Lu, Wei; Hu, Zining; Chen, Huiyun; Wu, Jinhong; Fang, Yapeng.
Afiliación
  • Lu W; Department of Food Science and Engineering, School of Agriculture and Biology, Shanghai Jiao Tong University, Shanghai 200240, China.
  • Hu Z; Department of Food Science and Engineering, School of Agriculture and Biology, Shanghai Jiao Tong University, Shanghai 200240, China.
  • Chen H; Institute of Agricultural Processing Research, Ningbo Academy of Agricultural Sciences, Ningbo 315040, China.
  • Wu J; Department of Food Science and Engineering, School of Agriculture and Biology, Shanghai Jiao Tong University, Shanghai 200240, China.
  • Fang Y; Department of Food Science and Engineering, School of Agriculture and Biology, Shanghai Jiao Tong University, Shanghai 200240, China. Electronic address: ypfang@sjtu.edu.cn.
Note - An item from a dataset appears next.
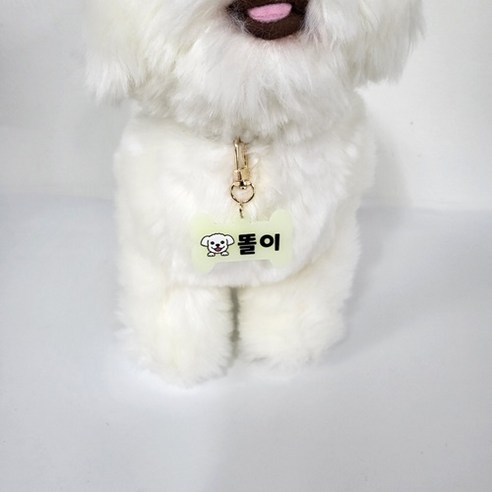 우리 강아지를 빛나게 하는 특별한 이름표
Food Res Int ; 194: 114934, 2024 Oct.
Article en En | MEDLINE | ID: mdl-39232545
ABSTRACT
Potassium citrate (KC) and potassium lactate (KL) are considered as salt replacers due to their saltiness, processing advantages, and health benefits. However, the obvious bitter taste associated with these compounds has limited their use in salt substitutes. Despite this challenge, little attention has been paid to improving their sensory properties. This study provided evidence that dietary polysaccharide carrageenan can effectively mask the bitterness of KC and KL by specifically binding K+ and forming double helix chains. A highly accurate prediction model was then established for the saltiness and bitterness of low-sodium salts using mixture design principles. Three low-sodium salt formulas containing different potassium salts (KC, KL, KCl), NaCl, and carrageenan were created based on the prediction model. These formulas exhibited favorable saltiness potencies (>0.85) without any noticeable odor, preserving the sensory characteristics of high-sodium food products like seasoning powder while significantly reducing their sodium content. This research provides a promising approach for the food industry to formulate alternative low-sodium products with substantially reduced sodium content, potentially contributing to decreased salt intake.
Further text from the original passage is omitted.